NSC operates an archive for SMHI that can be accessed with a file system view. This is implemented via the HSM functionality of Spectrum Scale (GPFS) backed by tape storage. Access is through the SSH based file transfer protocol SFTP.
Only a limited subset of the data is stored on disk in the archive, but all directories and files are visible as if they were. Data is transparently fetched in the background if it is only available on tape. Vice versa data uploaded to the archive is migrated to tape in the background. The disk storage should be seen more as a cache.
To be able to access Webb a separate account is needed. It is not the same one as on any other SMHI systems. Please email email@example.com to request one.
Since most of the data is physically located on tape there will be an initial delay when it is fetched from tape. Depending on the amount of data and if it was uploaded at different times it may require mounting several tape volumes. This may lead to variations in how long accesses take. Transferring data in a batch job to a local server is encouraged so it is not dependant on a workstation or a laptop.

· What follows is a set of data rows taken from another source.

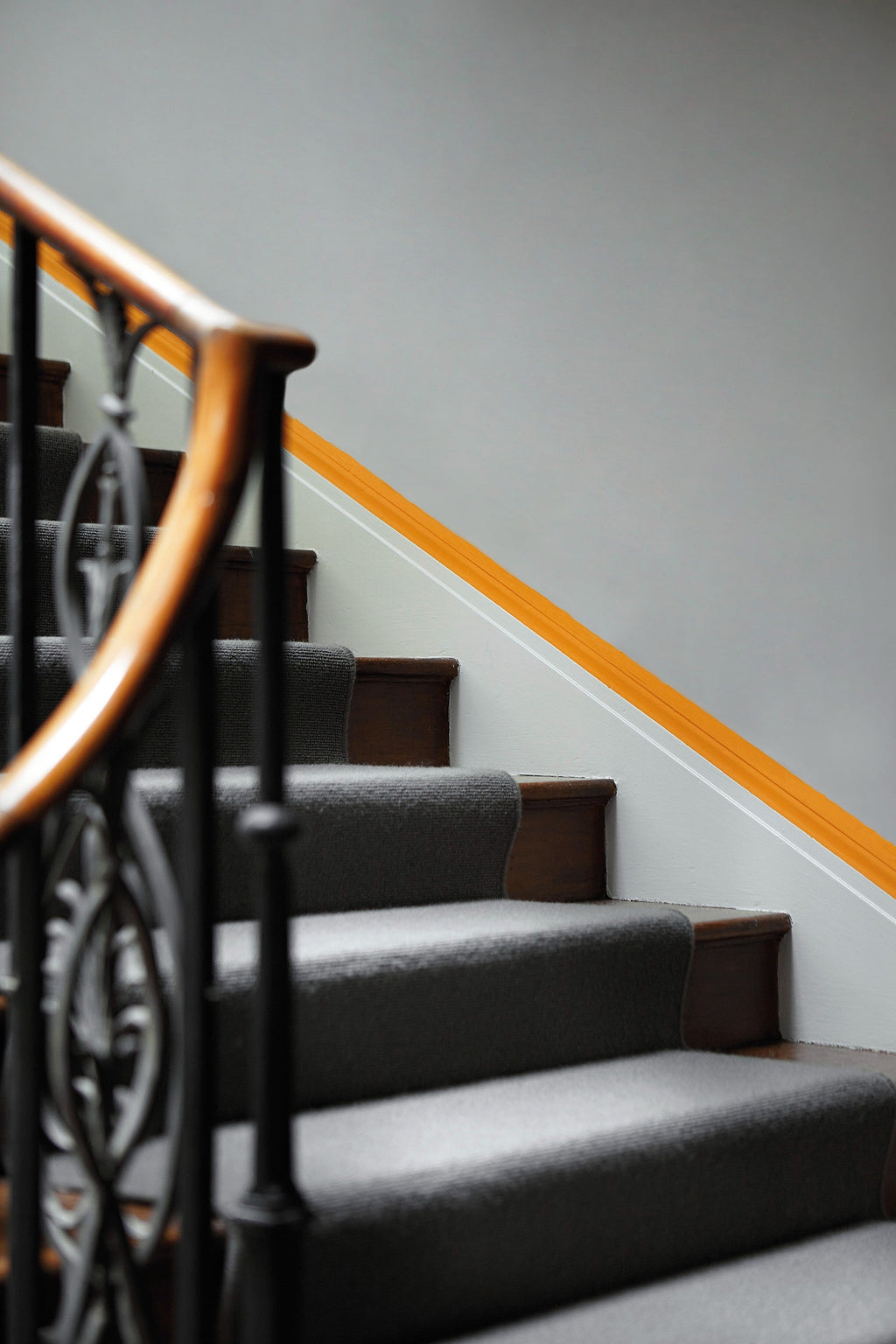 Little Greene Marigold (209) in een interieur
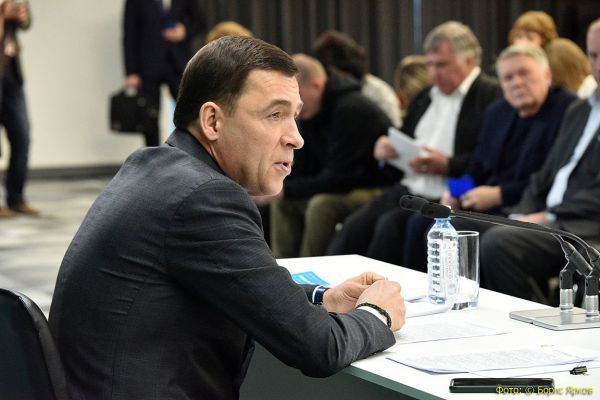 Народ устал сидеть дома без денег и обозлился. Как жить? Что на это отвечает губернатор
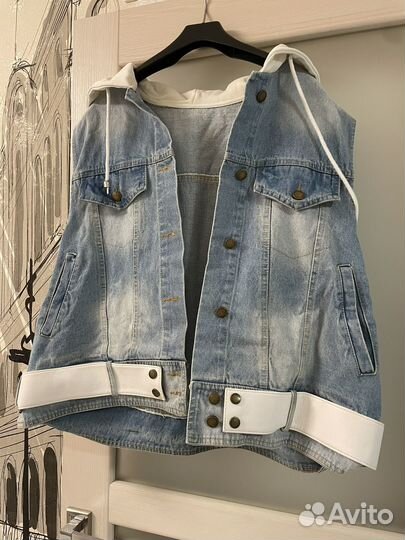 Джинсовая жилетка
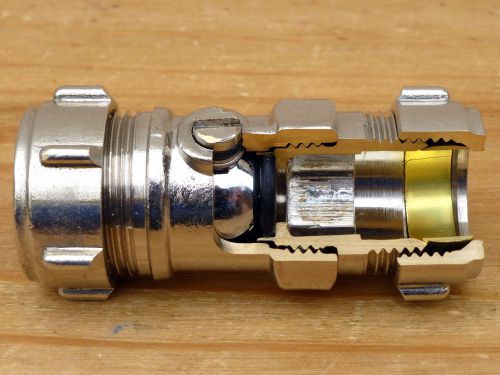 Cutaway Display 22mm Isolating Valve Plumbers Training Aid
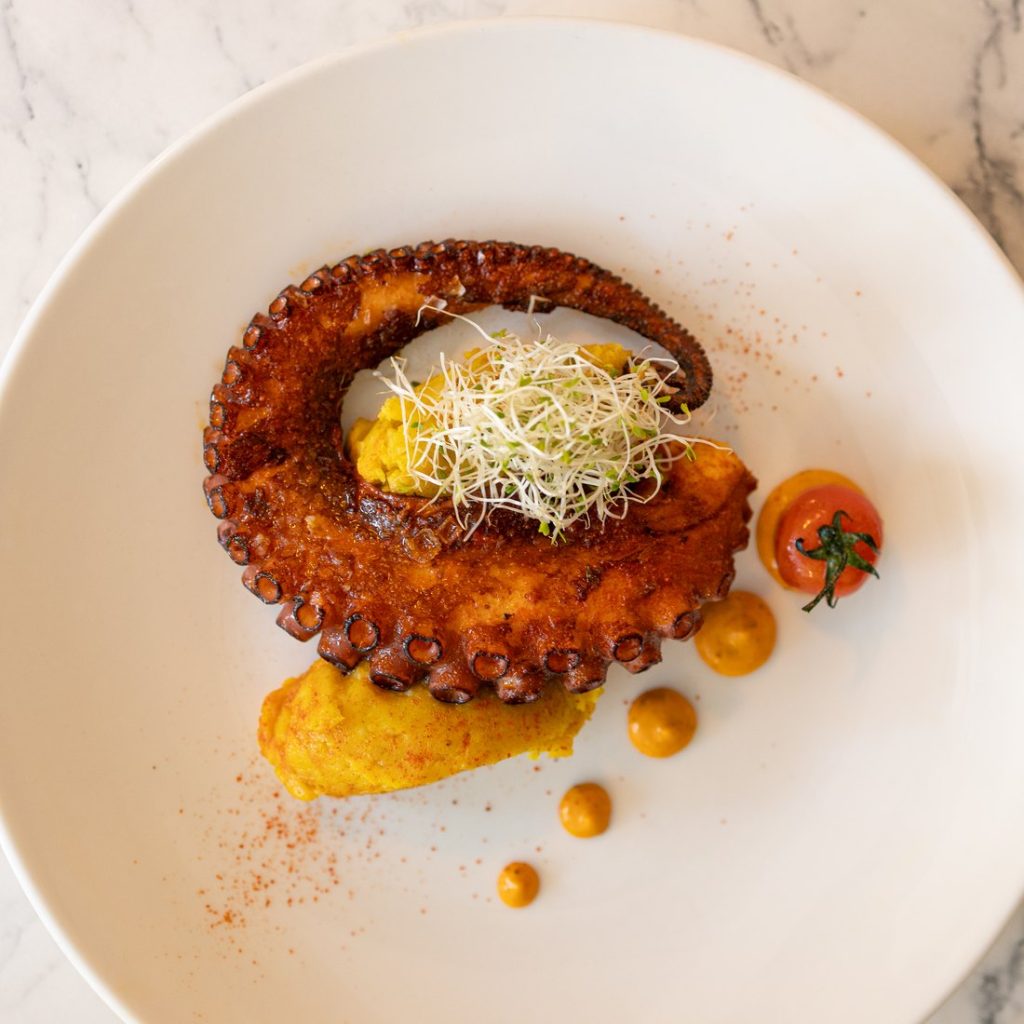 Pulpo a la parrilla con parmentier, una de las tapas de Simbad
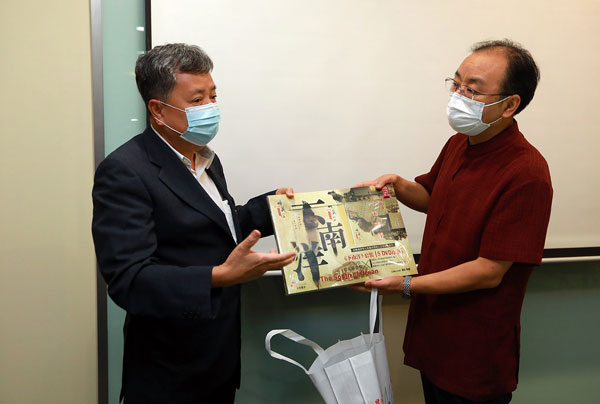 世华媒体集团顾问翁昌文（左）赠送纪念品给欧阳玉靖。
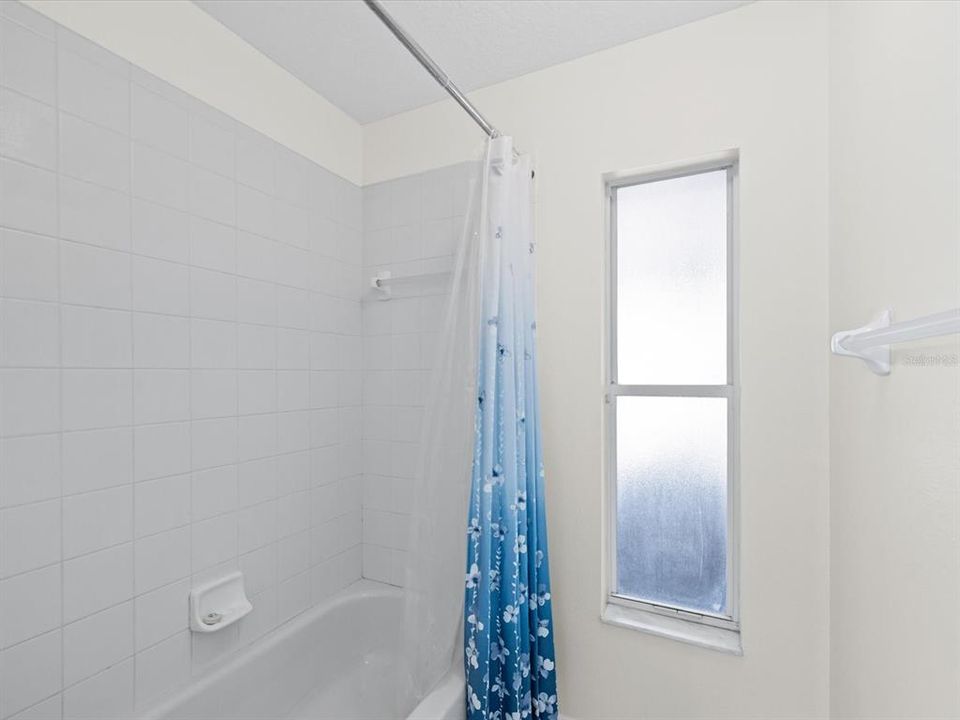 For Sale: $339,000 (3 beds, 2 baths, 1802 Square Feet)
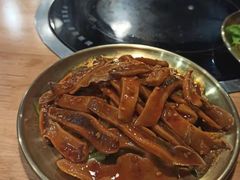 -肥肥虾庄·金牌油焖大虾(杨园滨江时代walk店)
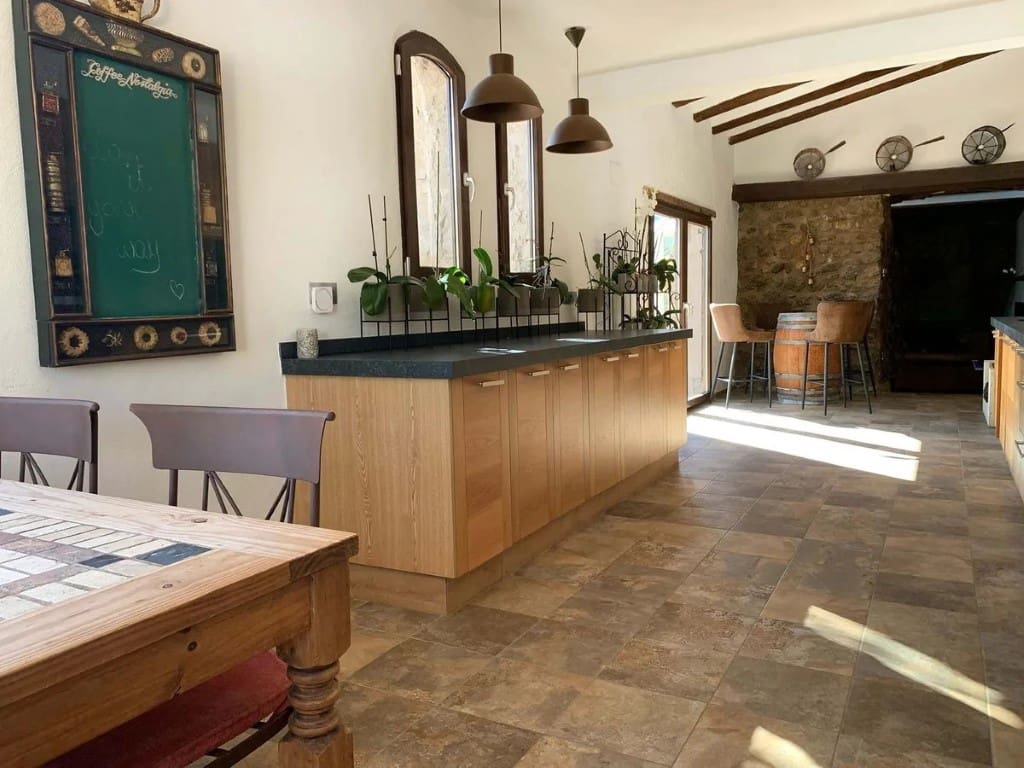 5 soveværelse Finca/Landehus til salg i Jalon / Xalo med swimmingpool - € 1.295.000 (Ref: 8299989)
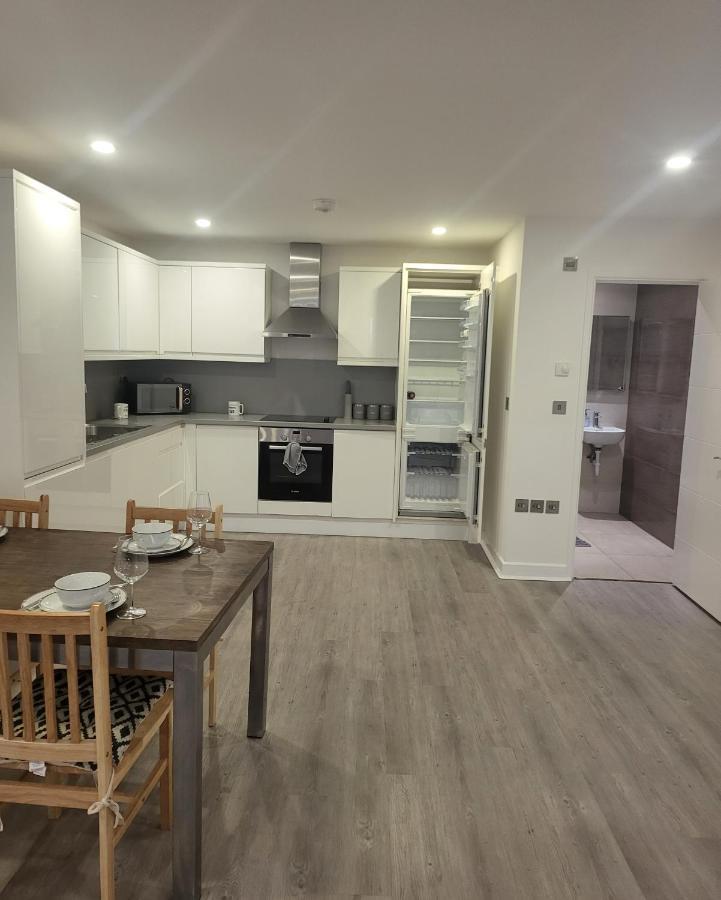 2 Bedrooms 2 Baths, 3 Toilets Excel And City Airport O2 Sleeps Up To 5, Apartamento *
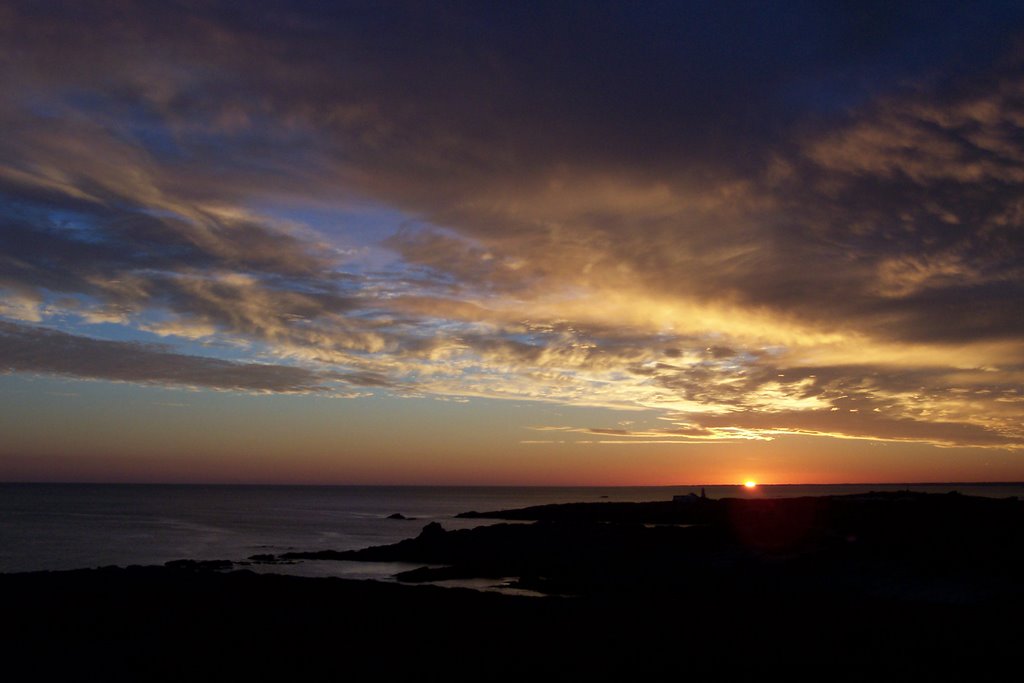 Lomener - Vu du Camping du Fort du Talus (Morbihan-Août 2004) by ciolx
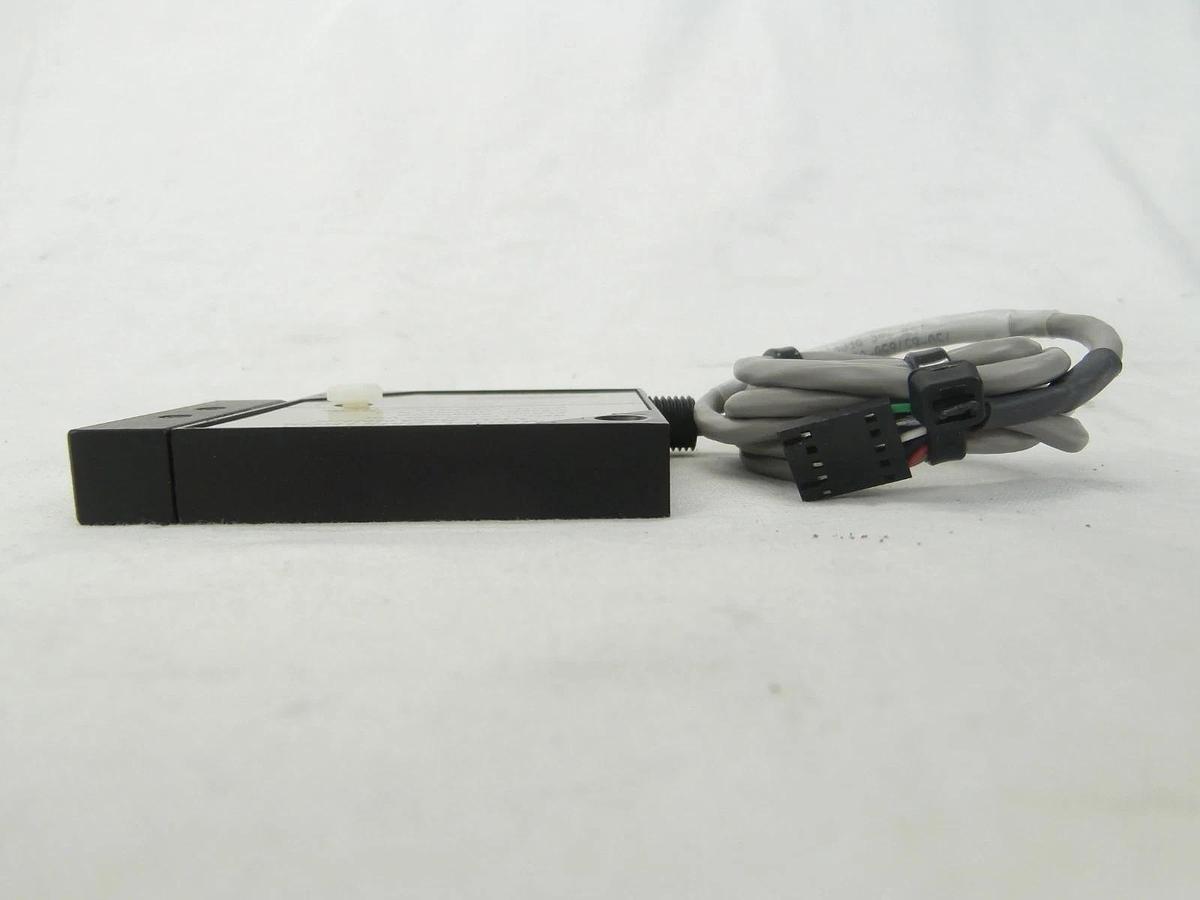Used Banner SM51RB6 LED Scanner L/H Receiver KLA Instruments 750-657650-01 2132 Used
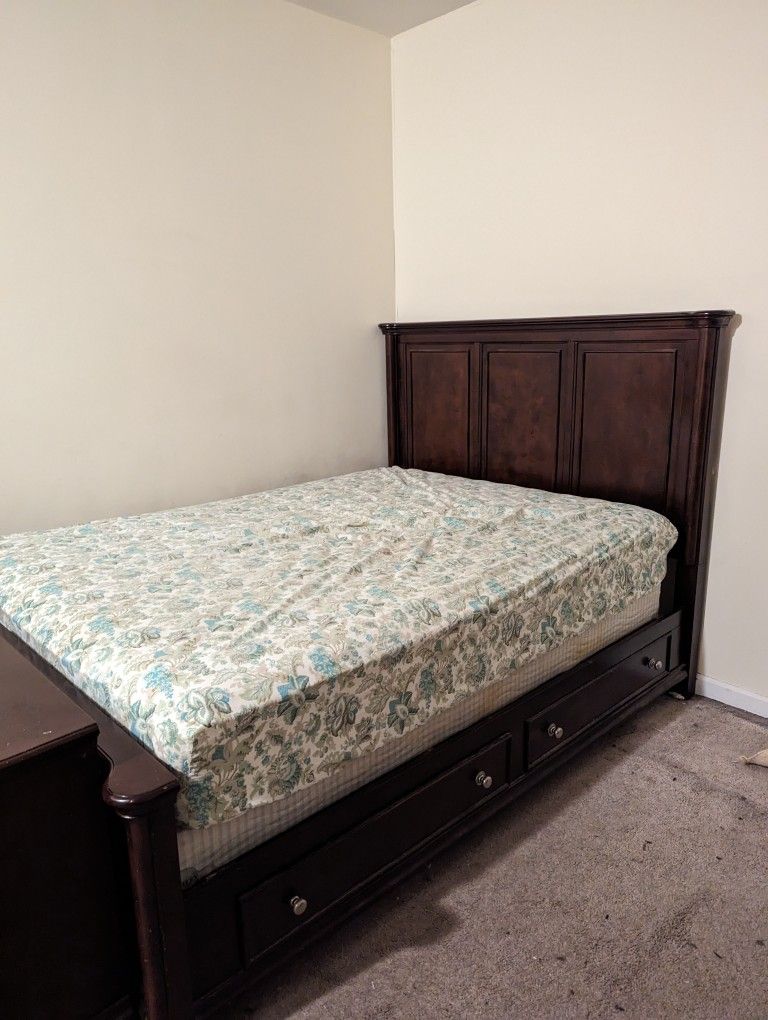 Bedroom Furniture Set 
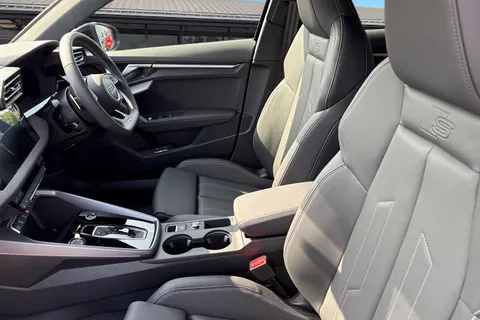 DC25XFY Audi A3 Black Edition 35 TFSI 150 PS S tronic Thumbnail #15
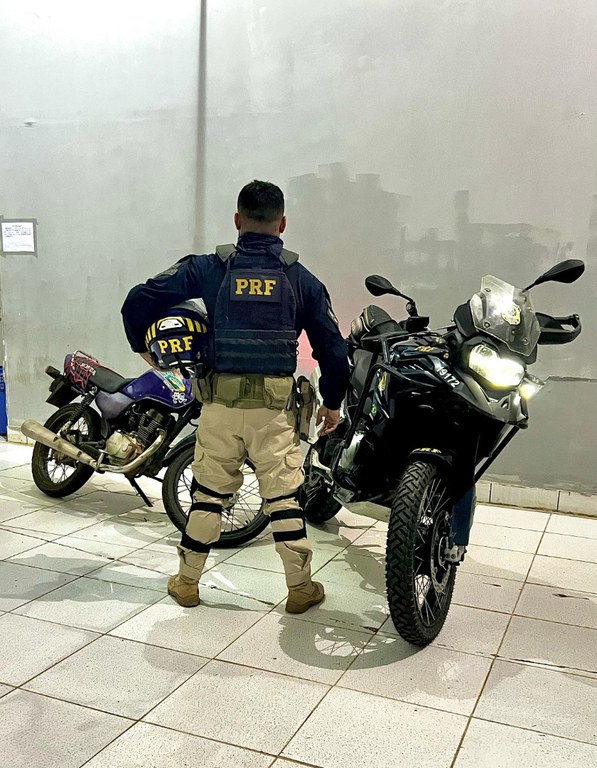 A Polícia Rodoviária Federal identificou uma motocicleta adulterada em Porto Velho, Rondônia.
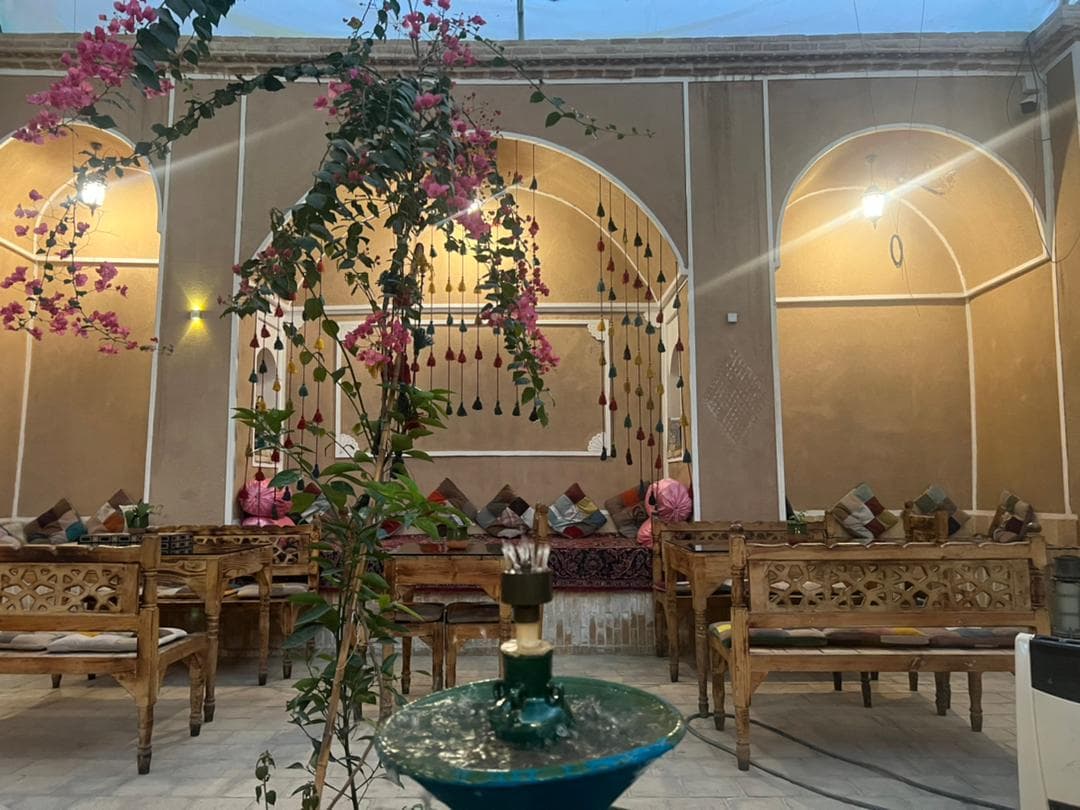 اجاره اتاق سنتی در بلوار امام یزد - ارکیده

Large files are in general more suited to a streaming media type like tape, so we recommend packing small files into larger archives to improve the recall latency. Due to the way the HSM resource is accessed (SFTP/NFS) usually only one file at a time will be recalled, since the reading processes will open files serially. Extracting an archive onto local storage is usually preferable if the goal is to access many files.
Bandwidth is not the main issue, a single tape drive can deliver higher bandwidth than a singe hard drive, but the latecny is much higher on tape. Mounting a tape cartridge and moving the tape to the right spot can take a couple of minutes if the tape library is heavily loaded and the data is at the end of the tape. Tapes are dismounted fairly quickly (one minute after last access), so if the next request for the same tape comes in later the process starts anew.
How large the archive files should be is dependant on how the data is going to be used. When creating archive files the expected workflow for reading data should be taken into account. For example, if it is time based data series packing it into weekly or monthly archives is usually suitable.